Nach einer ordentlichen, aber nicht sehr guten Hallensaison bereitet sich Christoph Kessler auf die ersten Freiluftwettkämpfe des Jahres vor. Den Sommer will der Donaueschinger mit einem Start bei der Weltmeisterschaft in Budapest krönen.

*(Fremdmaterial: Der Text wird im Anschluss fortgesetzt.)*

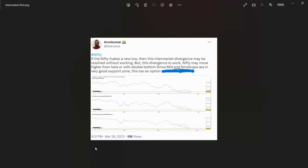This chart was taken on March 28th in the evening, and I said if the Nifty makes a new low, then this intermarket divergence may be resolved without working. But for this divergence to work, Nifty may move higher from here or form a double bottom, since mid and small caps are in a very good support zone. So, this is the idea.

Es wird aber alles andere als einfach, will der Mittelstreckler der LG Region Karlsruhe ein WM-Ticket lösen. Wer sicher in der ungarischen Hauptstadt dabei sein will, muss über die 800 Meter eine Zeit von 1:44,70 Minuten aufweisen. Über die 1500 Meter wurde als Norm eine 3:34,20 Minuten bestimmt.
Die Vermutung
Bei Christoph Kessler stehen bisher eine 1:45,27 (800 Meter) und eine 3:36,63 (1500 Meter). Der 27-Jährige muss sich also steigern, will er über die Zeit den WM-Zug erwischen. „Über die Normen werde ich es wohl nicht schaffen. Da geht es in diesem Jahr für mich erst einmal darum, die Leistungen aus der vergangenen Saison zu bestätigen“, rechnet sich der Donaueschinger größere Chancen auf einen Startplatz über die Weltrangliste aus. „Aber auch da wird es extrem schwer“, verweist Kessler auch auf 2022. „Da war es ja unglaublich knapp. Am Ende hat es aber gereicht“, blickt der Mittelstreckler auf die Weltmeisterschaft im US-amerikanischen Eugene. Damals verpasste Kessler über die 1500 Meter denkbar knapp den Sprung ins WM-Halbfinale.
Die Entscheidung
Ähnliches Pech hatte er kurz danach bei der Heim-EM in München – allerdings im Semifinale über die 800 Meter. „Ich werde mich aber wieder eher auf die 1500 Meter konzentrieren“, will Christoph Kessler am 10. Mai bei der „Langen Laufnacht“ in Karlsruhe erstmals wieder über diese Strecke starten. Zuvor steigt der Donaueschinger mit der DM der Langstaffeln in Bietigheim (29. April) in die Freiluftsaison ein. „Ein großes Ziel ist auf jeden Fall auch die DM“, möchte er seinen Titel über die 1500 Meter verteidigen.
Das Trainingslager
Um optimal auf den Saisonstart vorbereitet zu sein, schwitzt Christoph Kessler derzeit im italienischen Urlaubsort Cervia. Zehn Tage lang bereitet sich der Donaueschinger zusammen mit zahlreichen anderen Sportlern aus süddeutschen Läuferhochburgen an der Adria auf die ersten Wettkämpfe vor. „Wir haben zwei Einheiten pro Tag. Dazu kommt Kraft- und Sprinttraining. Schwimmen ist ebenfalls möglich. Zudem können wir zu den Physios gehen“, würde das, so Kessler, „sehr gute Essen“ die nahezu perfekten Bedingungen abrunden.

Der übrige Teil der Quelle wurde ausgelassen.